Sanders, who has for weeks been hammering Biden for supporting the Iraq War and approving trade deals that cost the country manufacturing jobs, did his best to initiate discussions with Biden on both fronts.
Sanders noted that he and Biden were both in Congress in 2002 during the vote to authorize the Iraq War, but unlike Biden, he did not believe Bush administration officials’ claims about the threat Iraq posed.
“I thought they were lying. I didn’t believe them for a moment. I took to the floor,” he said. “I did everything I could to prevent that war. Joe saw it differently.”
In response, Biden declined to engage Sanders directly, focusing instead on his support for withdrawing combat troops during the Obama administration.
“I was asked to bring 156,000 troops home from that war, which I did,” Biden said. “I led that effort.”
The moderators, from CNN and the Des Moines Register, could have pressed Biden to answer directly for Sanders’ criticism, or explain whether withdrawing those troops ended up being a mistake given the rise of the so-called Islamic State, but they did not follow up with him ― and neither did any of the other candidates on the stage.
Sanders also blasted Biden for voting to authorize NAFTA and permanent normalized trade relations with China, which he said cost the country 4 million jobs.
“Joe and I have a fundamental disagreement here ― in case you haven’t noticed,” Sanders said, eliciting laughter from the audience. “And that is, NAFTA, PNTR with China, other trade agreements ― were written for one reason alone, and that is to increase the profits of large multinational corporations.”

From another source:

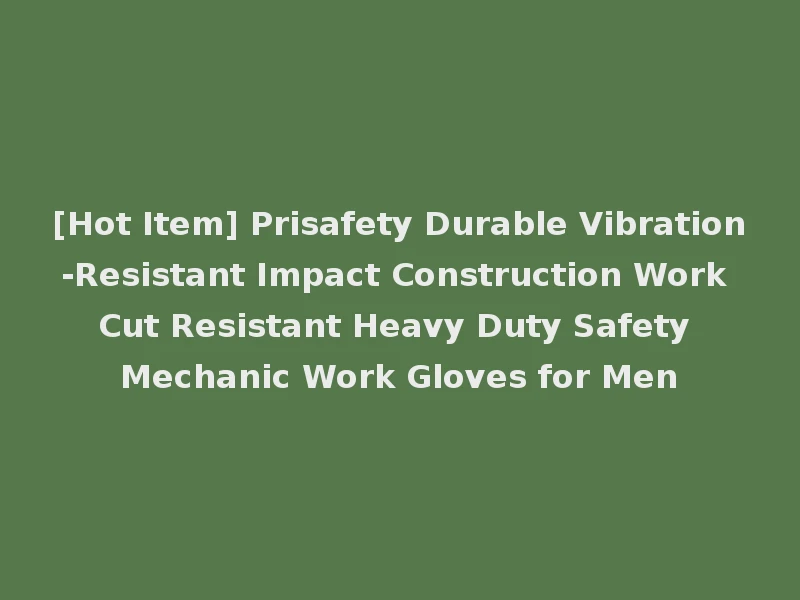 [Hot Item] Prisafety Durable Vibration-Resistant Impact Construction Work Cut Resistant Heavy Duty Safety Mechanic Work Gloves for Men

Biden reacted by agreeing with Sanders on the need for greater “corporate responsibility” and expounding on the need for tougher enforcement of existing laws as well.

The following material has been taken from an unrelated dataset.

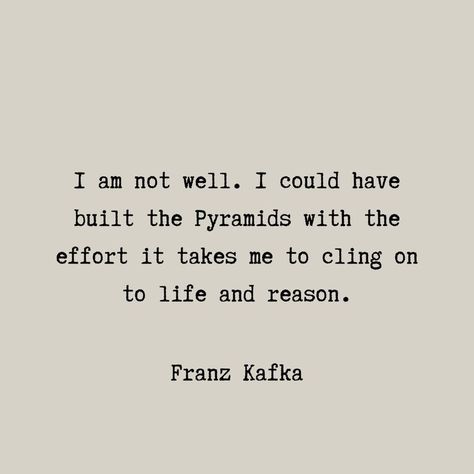 Kafkaesque Quotes, Franz Kafka Metamorphosis Quotes, Kafka Franz, Frans Kafka, Kafka Poems, Franz Kafka Poetry, Frank Kafka Quotes, Poets Quotes, Frans Kafka Quotes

He did not directly answer for his votes for those trade agreements or explain his thinking. And once again, neither the moderators nor the other candidates joined in to press Biden.

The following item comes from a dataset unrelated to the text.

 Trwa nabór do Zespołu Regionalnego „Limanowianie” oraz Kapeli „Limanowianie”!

Several other controversial elements of Biden’s record did not make it into the debate at all, including his authorship of the 1994 crime bill blamed for the explosion of the carceral state, his role in advocating for a 2005 law making it harder for households to declare bankruptcy, and his past support for cutting Social Security benefits. Even Sanders, whose campaign intimated that the Vermont senator would use the debate to attack Biden for that last stance, declined to engage in that line of questioning.
Sanders, Warren and Klobuchar engaged in a spirited discussion of the potential milestone of the first female president, which was spurred by Warren’s allegation that Sanders had told her privately in 2018 that he thought a woman could not get elected. (Sanders denies saying that.)
But Biden’s comments about gender earlier this month did not come up during the debate.
At a campaign event in Iowa, Biden recalled how Hillary Clinton had suffered sexist attacks during her 2016 presidential run, but said, “That’s not going to happen with me.”
Biden’s campaign told HuffPost that he had not intended to cast doubt on a woman’s ability to win the White House, but he has yet to answer for it personally and the moderators did not ask him about it.